The patrollers have broken from these gatherings at the end of the day to move onto second jobs as bartenders and servers at local restaurants. They’ve changed out of ski gear and driven an hour and half back to their homes on the other side of mountain passes. Some returned to employee housing where black mold plumed across the walls of ill-ventilated bathrooms, where they’ve seen hinges rust clean through and doors clatter onto linoleum floors. They’ve crashed on friends’ couches or crawled into beds in rooms that cost nearly two thousand dollars a month to rent. They slipped behind the wheels of camper vans and trucks outfitted with custom-sewn curtains and drove them below the darkened outlines of multi-million-dollar mansions, past the private drives leading to ranches owned by Tom Cruise or Oprah Winfrey or Neil Young and Daryl Hannah. They’ve driven beyond the jurisdiction of municipal no-camping ordinances to pulloffs where they’ve heated their dinner on campstoves. They’ve awoken at 3:30 am to head back to work.

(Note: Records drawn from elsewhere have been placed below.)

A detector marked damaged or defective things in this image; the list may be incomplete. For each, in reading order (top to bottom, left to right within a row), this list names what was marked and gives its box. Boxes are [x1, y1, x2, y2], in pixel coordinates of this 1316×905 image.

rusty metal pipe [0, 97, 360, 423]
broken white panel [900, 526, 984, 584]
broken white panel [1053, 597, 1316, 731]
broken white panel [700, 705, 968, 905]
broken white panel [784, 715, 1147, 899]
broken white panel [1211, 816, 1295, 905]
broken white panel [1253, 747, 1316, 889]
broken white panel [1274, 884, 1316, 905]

Before the strike began on Dec. 27, the union was asking for a contract that would have set a base wage for second-year patrollers at $27 per hour, up from $21.28. Workers with five to ten years of experience would have received a minimum of $30 per hour, and the three people who have been on patrol for 50-plus years (since a time when Telluride was a funky old mining town with 35-cent beers) would have made around $50 hourly, or roughly the starting wage of local EMTs and firefighters.
Telluride Ski and Golf, also known as Telski, offered a contract where the majority of the patrol would have earned under $30 an hour with a $24 starting wage. The total difference between the two proposals was less than $50,000 per year for a resort owned by a billionaire that charges up to $328 for a single-day lift ticket.

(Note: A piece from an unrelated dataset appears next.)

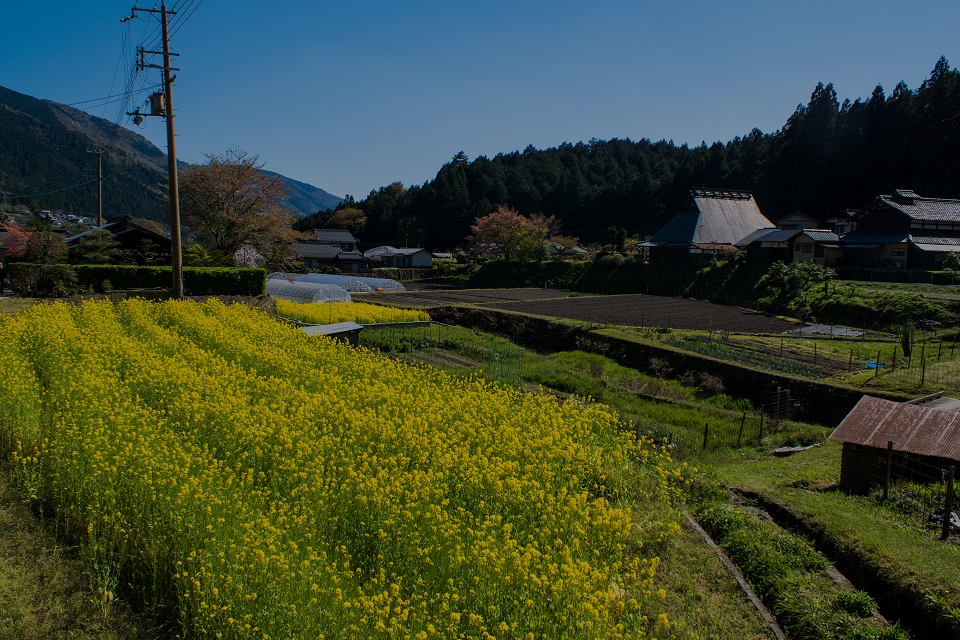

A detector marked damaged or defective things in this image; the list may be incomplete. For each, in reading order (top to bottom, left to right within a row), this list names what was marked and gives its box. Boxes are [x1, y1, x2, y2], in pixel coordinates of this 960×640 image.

rusty metal roof [824, 396, 960, 460]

The morning huddle breaks. The patrollers pick up signs and the day begins.
When greed hoists the white flag
In 1903, one hundred years before the ski resort sold to California-based real estate and nursing home mogul Chuck Horning for $21 million, the gold and silver mines surrounding Telluride ground to a halt. Hundreds of workers walked away from their ten- or twelve-hour shifts, demanding an eight-hour day with a base wage of $3.

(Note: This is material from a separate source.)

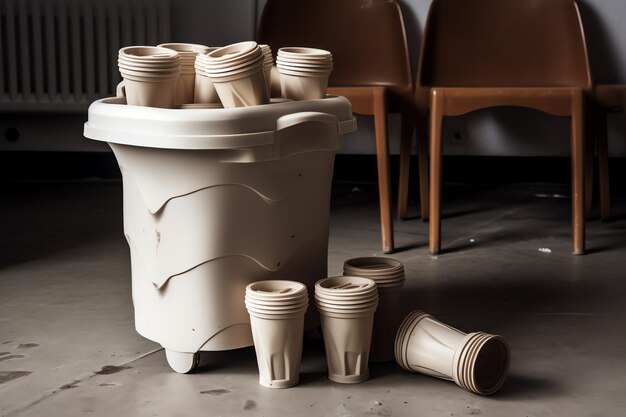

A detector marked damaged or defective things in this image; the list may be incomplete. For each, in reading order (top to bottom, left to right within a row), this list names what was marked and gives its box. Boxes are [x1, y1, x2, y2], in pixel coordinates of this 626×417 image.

damaged bin [83, 96, 356, 372]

They were organized by the Western Federation of Miners, the militant socialist union that would evolve into the racially integrated and radical Industrial Workers of the World in 1905. The WFM had led a largely successful strike in Telluride two years earlier under the leadership of a young Kentuckian miner and future IWW general secretary Vincent St. John, and they were hopeful that another victory was imminent.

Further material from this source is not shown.